9.2.2026 Trump, Grönland und ein Stück eigene Vergangenheit
Erfahrungen vor Ort
von Hermann Lei, Kantonsrat, Frauenfeld
Trump meint es ernst, als geopolitisches Projekt. In Davos liess er dieser Tage sinngemäss ausrichten, es gebe „kein Zurück“ – doch wem gehört Grönland?
Ich war als Student ein paar Wochen dort. In Ostgrönland, in der „Hauptstadt“ Ammassalik und in den umliegenden Dörfern. Das ist lange her. Aber vielleicht interessiert es die Leser gerade jetzt, weil das Thema plötzlich auf den Titelseiten steht.
Damals sagte man noch Eskimo
Ich arbeitete ein paar Wochen dort und führte unter anderem eine englische Reisegruppe durch Ostgrönland, per Boot, durch die Eisfjorde zu einsamen kleinen Dörfern und mit Wanderungen zu gewaltigen Gletschern. Zwei Grönländer – damals sagte man noch „Eskimos“ – waren meine Hilfspersonen. Jäger. Männer vom Meer. Wir fuhren mit dem Boot durchs Eiswasser.
Schüsse und Walmenü
Und immer, wenn sie etwas Essbares sahen, waren sie nicht mehr zu halten: Lachse fischen, oder – zum Entsetzen meiner Gäste – eine kleine Robbe schiessen. Die Grönländer waren herzlich, loyal und hilfsbereit. Eines Nachts pfiffen Schüsse um mein Zelt, Freudenschüsse, denn die Jäger hatten einen Wal erlegt.

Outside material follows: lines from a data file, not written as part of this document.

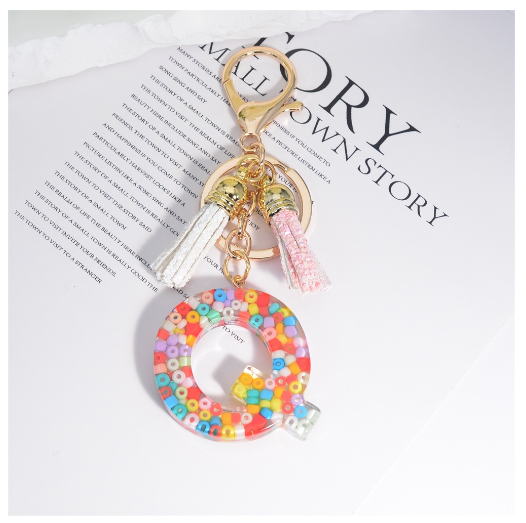 Colorful Beades Filled A-Z 26 Letter Keychains For Women Fashion Initials Keyring With Tassel Bag Pendant Accessories Souvenir Q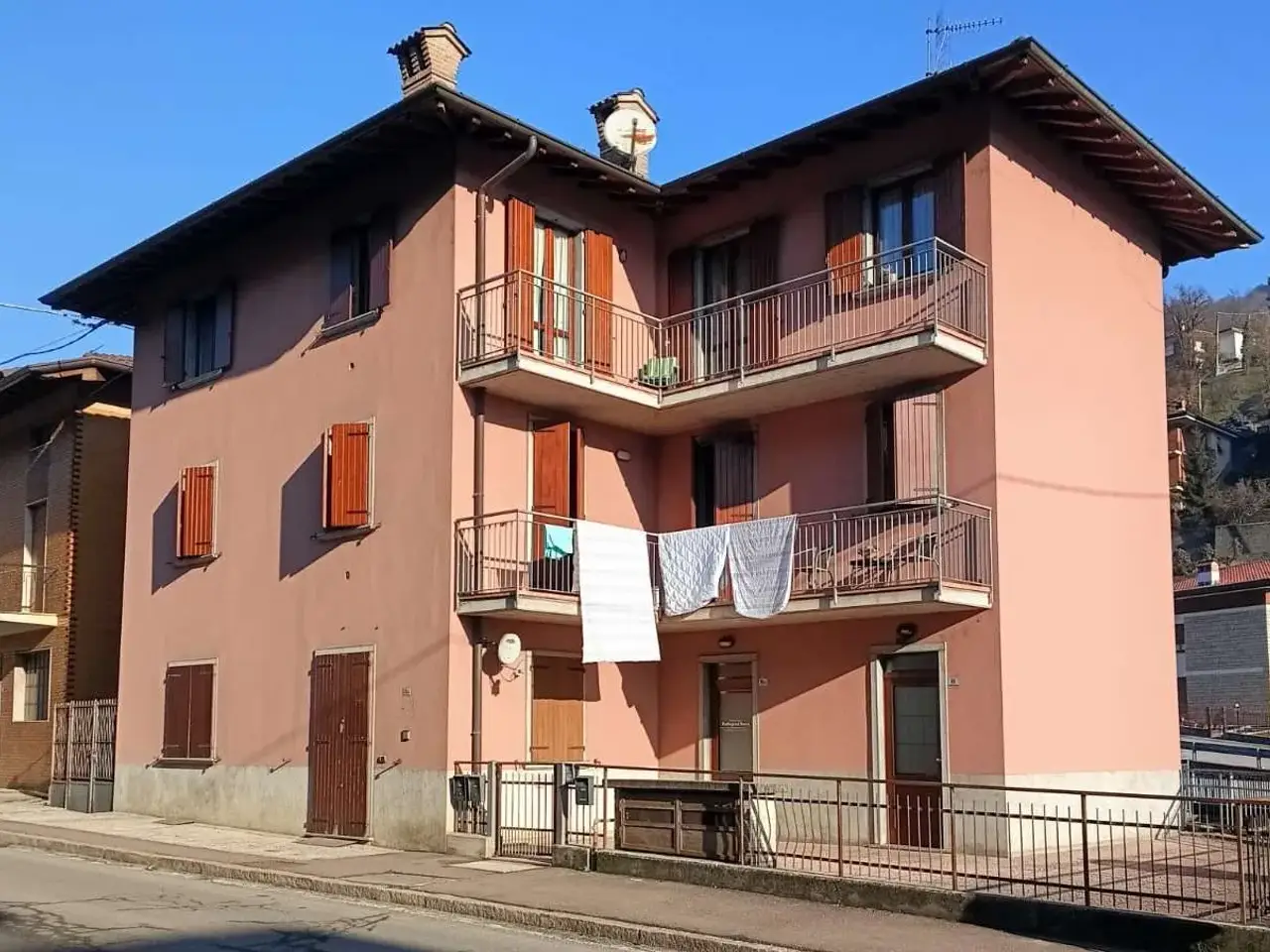 Ufficio in Via Libertà 10, Val Brembilla, {3} - Foto 1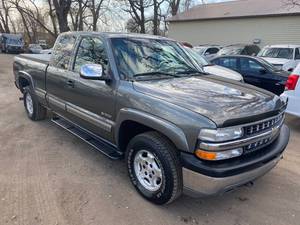 lot 13 image: 2000 Chevrolet Silverado 1500 LT 4x4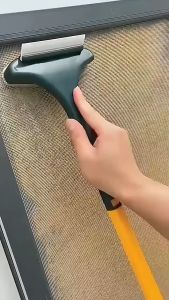 แปรงล้างมุ้งลวด 2 in 1 แปรงทำความสะอาด ไม้เช็ดกระจก ไม้รีดน้ำ ชุดที่ทำความสะอาดหน้า พร้อมกันเข้าชุมชน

Das ganze Dorf zerteilte den Wal nach Anweisung des Dorfältesten, die Walhaut assen wir roh. Am nächsten Tag gab es bei der Familie eines meiner Jäger ein Walmenü.
Dänemark nicht beliebt
Aber es gab die andere Seite: soziale Probleme, Arbeitslosigkeit, Alkohol. Viele hingen am dänischen Staat, etwa über Posten bei der Post oder in der Verwaltung. Freitag war Zahltag und der wurde allzu oft sogleich in Bier umgesetzt. Da die Grönländer das nicht vertrugen war ab dem frühen Nachmittag ein Teil des Dorfes völlig weggetreten und es wurde gefährlich. Dänemark war nicht sonderlich beliebt, die Kolonialherren hatten die Grönländer schlecht behandelt und immer noch waren die guten Stellen mit Dänen besetzt. Dänisch war Amtssprache und die Almosen an die Bevölkerung finanzierte man sich durch Bereicherung an den Fischgründen. Grönland trat später aus der damaligen Europäischen Gemeinschaft aus – ein Sonderfall, aber bezeichnend: Man wollte Distanz zu supranationalen Strukturen und Kontrolle über die eigenen Ressourcen.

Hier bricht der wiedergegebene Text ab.